##### Provided data

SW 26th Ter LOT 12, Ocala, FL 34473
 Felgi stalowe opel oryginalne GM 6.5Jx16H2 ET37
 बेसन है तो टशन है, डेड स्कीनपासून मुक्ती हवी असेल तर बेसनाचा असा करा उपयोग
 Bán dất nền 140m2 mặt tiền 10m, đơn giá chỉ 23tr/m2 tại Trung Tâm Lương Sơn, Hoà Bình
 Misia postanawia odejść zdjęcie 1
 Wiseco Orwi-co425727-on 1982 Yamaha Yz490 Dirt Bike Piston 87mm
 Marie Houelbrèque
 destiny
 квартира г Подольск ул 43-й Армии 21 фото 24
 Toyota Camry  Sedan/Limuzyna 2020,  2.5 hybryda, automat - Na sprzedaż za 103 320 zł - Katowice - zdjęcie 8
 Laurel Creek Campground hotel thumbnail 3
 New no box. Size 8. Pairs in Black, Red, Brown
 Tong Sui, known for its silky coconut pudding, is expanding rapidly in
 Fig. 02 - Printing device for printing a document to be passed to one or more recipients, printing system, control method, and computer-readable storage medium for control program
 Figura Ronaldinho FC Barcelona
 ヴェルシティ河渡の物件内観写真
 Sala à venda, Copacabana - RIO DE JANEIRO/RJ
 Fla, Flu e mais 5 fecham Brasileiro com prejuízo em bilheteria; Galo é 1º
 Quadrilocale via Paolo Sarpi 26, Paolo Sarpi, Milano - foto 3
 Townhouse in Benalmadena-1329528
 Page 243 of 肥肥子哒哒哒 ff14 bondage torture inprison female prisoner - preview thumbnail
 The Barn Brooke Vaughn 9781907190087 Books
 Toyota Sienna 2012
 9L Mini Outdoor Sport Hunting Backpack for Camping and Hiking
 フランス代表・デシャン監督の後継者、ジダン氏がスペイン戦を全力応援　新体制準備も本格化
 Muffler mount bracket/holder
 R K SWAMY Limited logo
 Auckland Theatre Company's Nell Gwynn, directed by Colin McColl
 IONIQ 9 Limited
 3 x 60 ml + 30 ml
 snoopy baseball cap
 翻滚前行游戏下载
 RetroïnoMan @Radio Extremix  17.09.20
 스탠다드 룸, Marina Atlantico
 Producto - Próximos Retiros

##########

Problem to solve: Reproduce the data exactly, omitting nothing.

Exercise output:
SW 26th Ter LOT 12, Ocala, FL 34473
 Felgi stalowe opel oryginalne GM 6.5Jx16H2 ET37
 बेसन है तो टशन है, डेड स्कीनपासून मुक्ती हवी असेल तर बेसनाचा असा करा उपयोग
 Bán dất nền 140m2 mặt tiền 10m, đơn giá chỉ 23tr/m2 tại Trung Tâm Lương Sơn, Hoà Bình
 Misia postanawia odejść zdjęcie 1
 Wiseco Orwi-co425727-on 1982 Yamaha Yz490 Dirt Bike Piston 87mm
 Marie Houelbrèque
 destiny
 квартира г Подольск ул 43-й Армии 21 фото 24
 Toyota Camry  Sedan/Limuzyna 2020,  2.5 hybryda, automat - Na sprzedaż za 103 320 zł - Katowice - zdjęcie 8
 Laurel Creek Campground hotel thumbnail 3
 New no box. Size 8. Pairs in Black, Red, Brown
 Tong Sui, known for its silky coconut pudding, is expanding rapidly in
 Fig. 02 - Printing device for printing a document to be passed to one or more recipients, printing system, control method, and computer-readable storage medium for control program
 Figura Ronaldinho FC Barcelona
 ヴェルシティ河渡の物件内観写真
 Sala à venda, Copacabana - RIO DE JANEIRO/RJ
 Fla, Flu e mais 5 fecham Brasileiro com prejuízo em bilheteria; Galo é 1º
 Quadrilocale via Paolo Sarpi 26, Paolo Sarpi, Milano - foto 3
 Townhouse in Benalmadena-1329528
 Page 243 of 肥肥子哒哒哒 ff14 bondage torture inprison female prisoner - preview thumbnail
 The Barn Brooke Vaughn 9781907190087 Books
 Toyota Sienna 2012
 9L Mini Outdoor Sport Hunting Backpack for Camping and Hiking
 フランス代表・デシャン監督の後継者、ジダン氏がスペイン戦を全力応援　新体制準備も本格化
 Muffler mount bracket/holder
 R K SWAMY Limited logo
 Auckland Theatre Company's Nell Gwynn, directed by Colin McColl
 IONIQ 9 Limited
 3 x 60 ml + 30 ml
 snoopy baseball cap
 翻滚前行游戏下载
 RetroïnoMan @Radio Extremix  17.09.20
 스탠다드 룸, Marina Atlantico
 Producto - Próximos Retiros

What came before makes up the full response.